Do you feel “in charge” of your financial life? Or, do you feel like you are being swept along by a set of personal and financial circumstances that are beyond your control? Do you take responsibility for making your own financial decisions, or do you acquiesce to the plans and opinions of others? Does fear, denial, or complacency keep you from taking a proactive approach in your money matters?
The person who should be in charge of your financial life is YOU! The degree of power you feel you have in shaping your financial life is both objective and subjective in nature, and is determined, in part, by your sense of locus of control.
Locus of control is a psychological term that describes the belief system of individuals concerning the primary point of control in their lives.

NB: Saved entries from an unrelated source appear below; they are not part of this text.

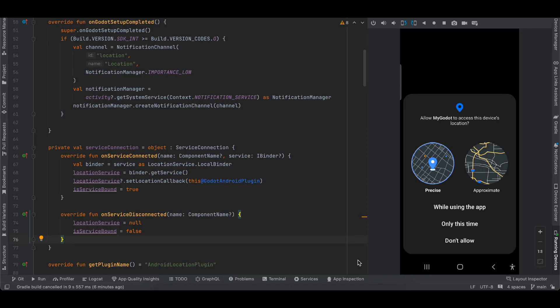Welcome to the next video. Today I will show you how to fetch a user's location continuously inside your Godot game for Android. We will be creating a plugin for it, and even when your game is in the background, it will still be able to fetch the background location of the user.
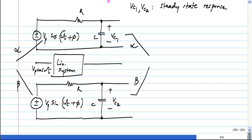This is straightforward superposition. So the interesting thing is now, let us say α is 1 and β is j.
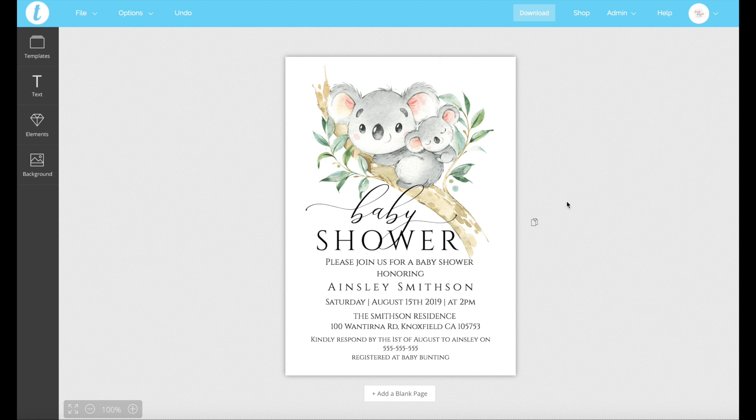Hey everyone, it's Ainsley from Berry Designs Shop. This video is a tutorial on how to download your files on Canva and which format you want to download them depending on how you're going to distribute them.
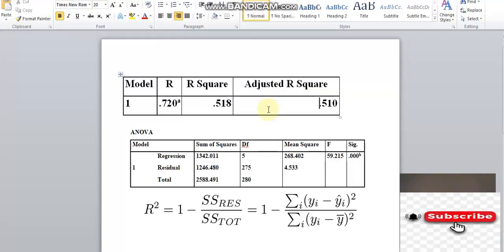R2 and adjusted R2 are related. If additional independent variables are added, R2 is never decreased. This is not the case for adjusted R2. If R2 equals zero, that reflects the number of independent variables. Adjusted R2 is an updated version of R2.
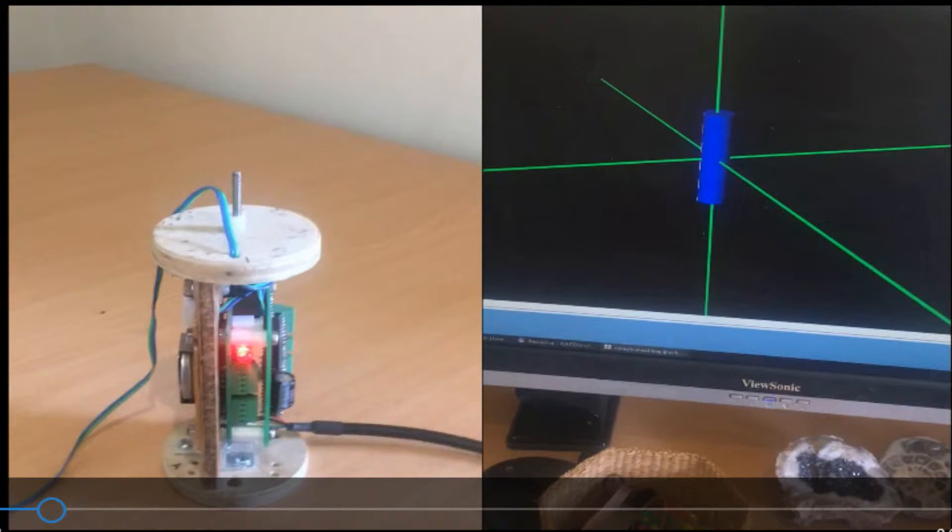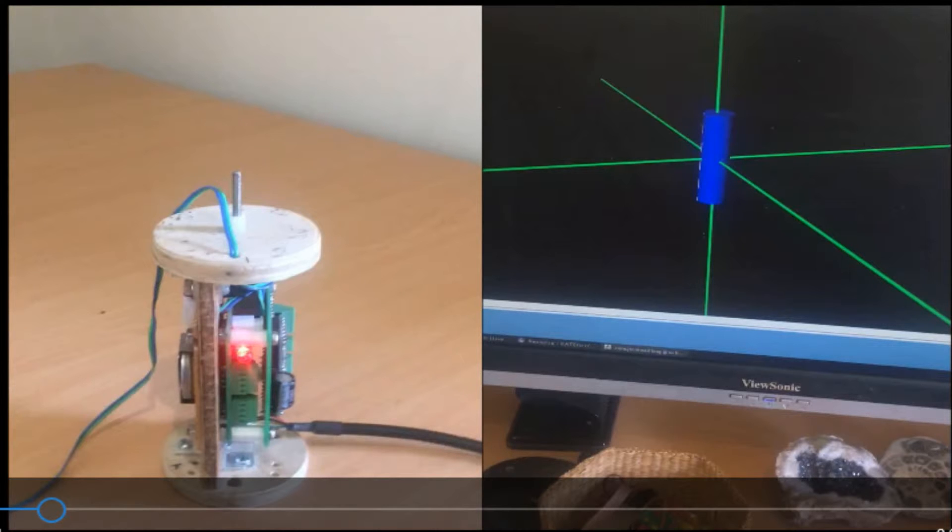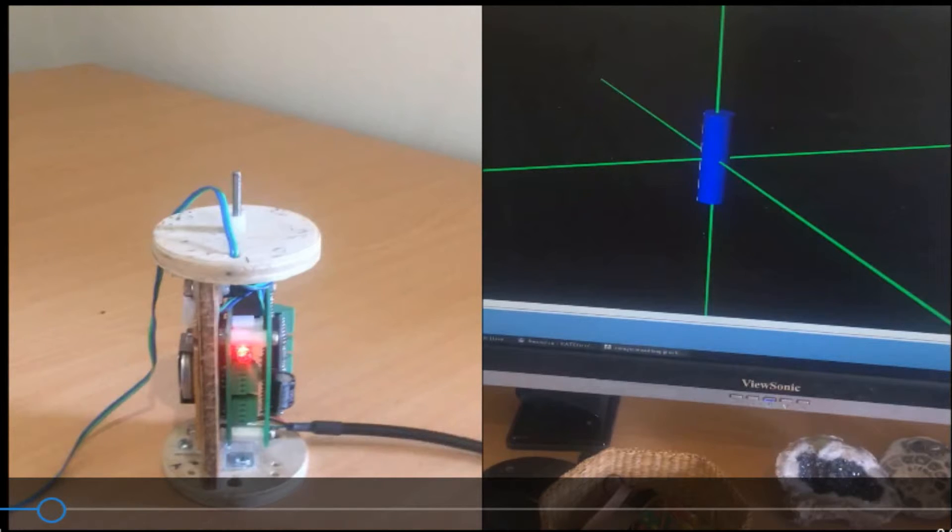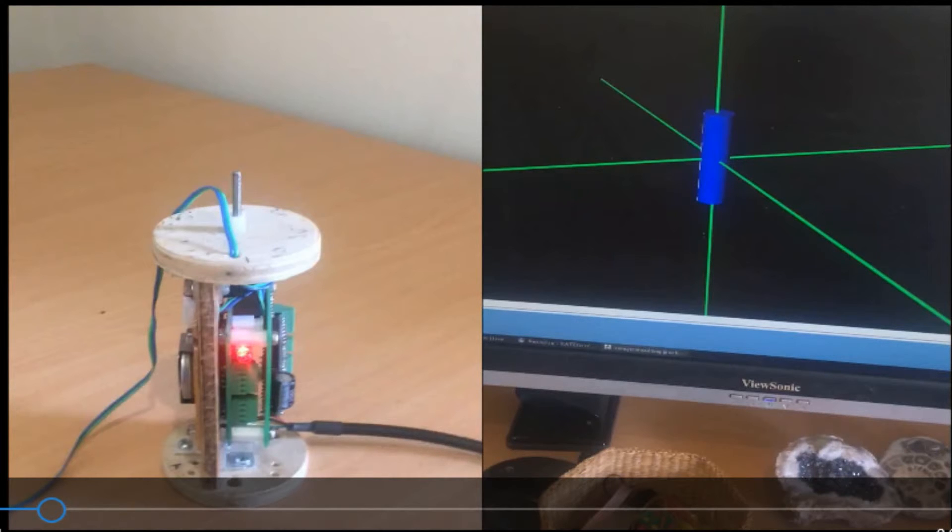Later we process this motion data using a Java application to generate a 3D animation which accurately depicts the motion that the payload experienced. The animation is shown on the right hand side of your screen.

Those who believe the primary point of control is outside of themselves have an “external locus of control.”
These individuals feel that outside forces (such as luck or fate), institutions (e.g., “the government”), or other individuals (viewed as “powerful”) have greater control over the direction of their lives than they themselves do. Consciously or subconsciously, those with an external locus of control believe that they are victims of their circumstances and bystanders to the course of events that surround them. In other words, they don’t believe they can have much impact on outcomes in their own lives.

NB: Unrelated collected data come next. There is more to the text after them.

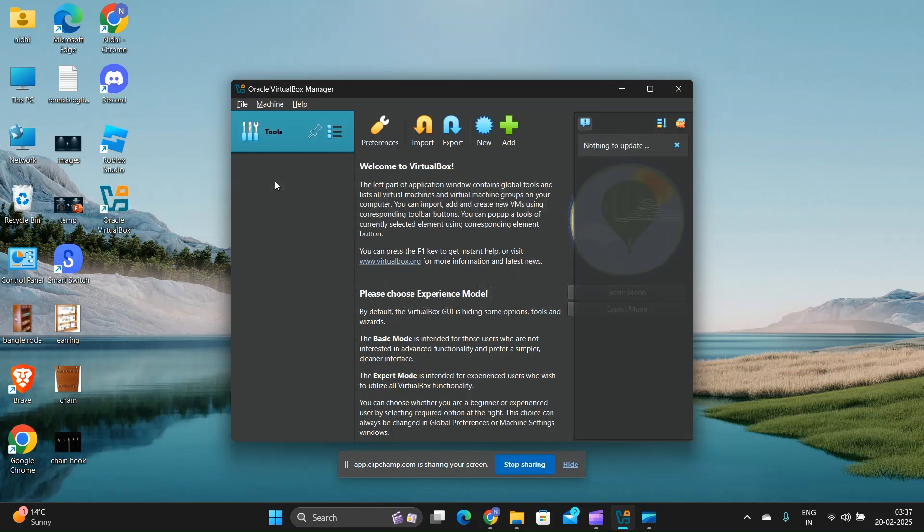Fix 1: Update VirtualBox to the latest version. Ensure you are using the latest version of VirtualBox.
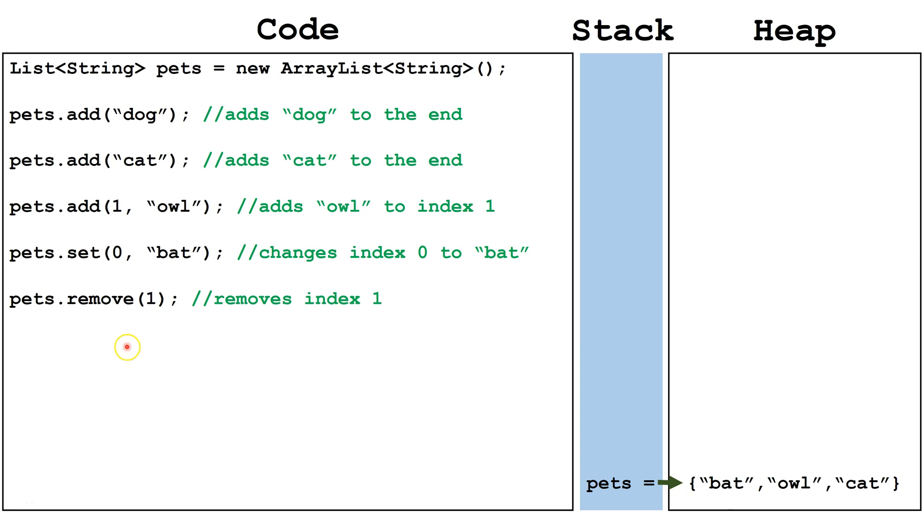The remove command will remove the object at the given index and slide everything else down to take up the empty space.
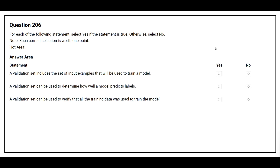Question 206: For each of the following statements, select Yes if the statement is true, otherwise select No. Statement 1: A validation set includes the set of input examples that will be used to train a model. The correct answer is No. Statement 2: A validation set can be used to determine how well a model predicts labels. The correct answer is Yes. Statement 3: A validation set can be used to verify that all training data was used to train the model. The correct answer is No.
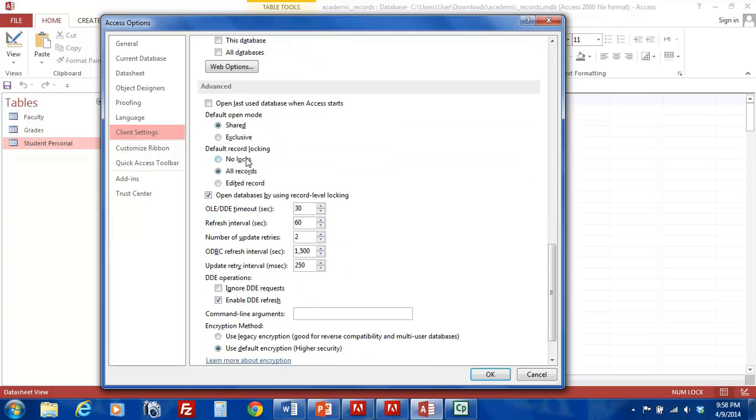The first is No Locks. When you edit a record, Access will not lock the record. Thus, other users could also edit the same record at the same time. When you have finished your changes and attempt to save the record, Access will give you the option of overwriting the other users' changes, copying your changes to the clipboard, or canceling your changes altogether.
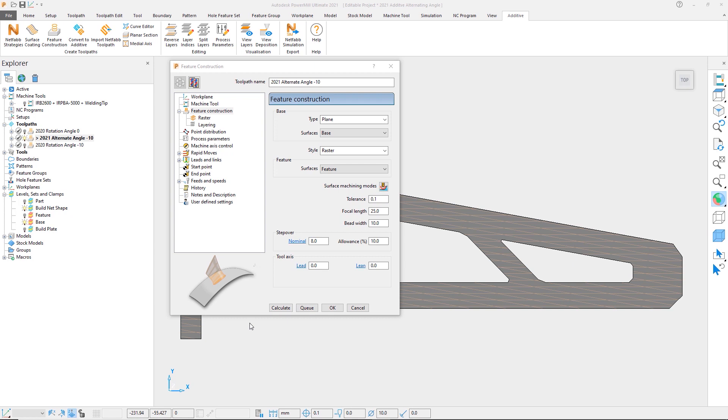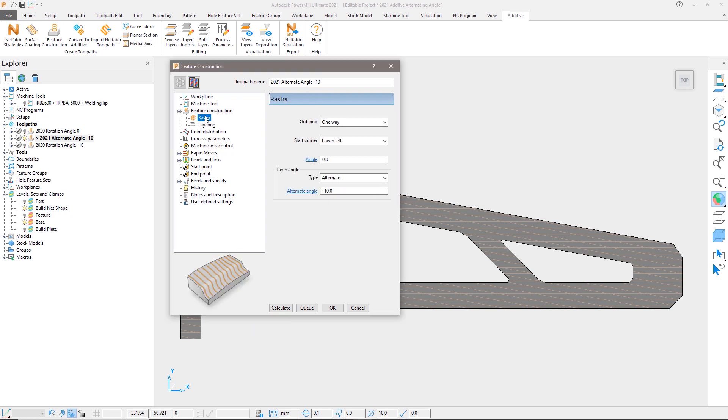PowerMill 2021 has a new option to give you more precise control of the layers. If we look at the raster settings of the same toolpath in PowerMill 2021, you will see that we now have a new option to define the layer angle. From the drop-down we can set the type to either rotate or alternate.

On the other hand, individuals who believe the primary control of their lives is within themselves are described as having an “internal locus of control.” They feel they can influence the course of events that surround them and the outcomes of their own lives.

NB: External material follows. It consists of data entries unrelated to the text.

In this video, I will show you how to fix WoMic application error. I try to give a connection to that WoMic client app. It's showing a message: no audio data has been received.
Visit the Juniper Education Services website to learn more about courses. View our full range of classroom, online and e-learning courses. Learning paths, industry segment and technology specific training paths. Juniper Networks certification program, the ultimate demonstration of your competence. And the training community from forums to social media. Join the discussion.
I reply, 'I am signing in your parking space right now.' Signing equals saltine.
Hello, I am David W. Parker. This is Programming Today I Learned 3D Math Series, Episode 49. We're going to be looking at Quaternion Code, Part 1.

Because they have a strong sense of personal power, they tend not to give in to trials and tribulations and instead are proactive in making the “right things” happen for themselves. Individuals that possess an internal locus of control are more likely to “see” how they themselves have shaped their own financial life and understand how they can affect and improve their own sense of financial well-being.
In all areas of your life, look for evidence that indicates whether you possess an external or internal locus of control. If you want positive change to take place you will need to be open to the truth about yourself.
Keep in mind that successful completion of one step towards a financial goal will give you the confidence to move on to the next step. Continually remind yourself that if there is any aspect of your financial life that is unsuccessful or unsatisfying, you have the power to bring about change.
As you become more aware of your own personal power and potential, you will mentally shift to an ever-stronger internal locus of control. Along with this change will come a greater sense of personal responsibility in all areas of life. This is the attitude, “if it is to be, it’s up to me.”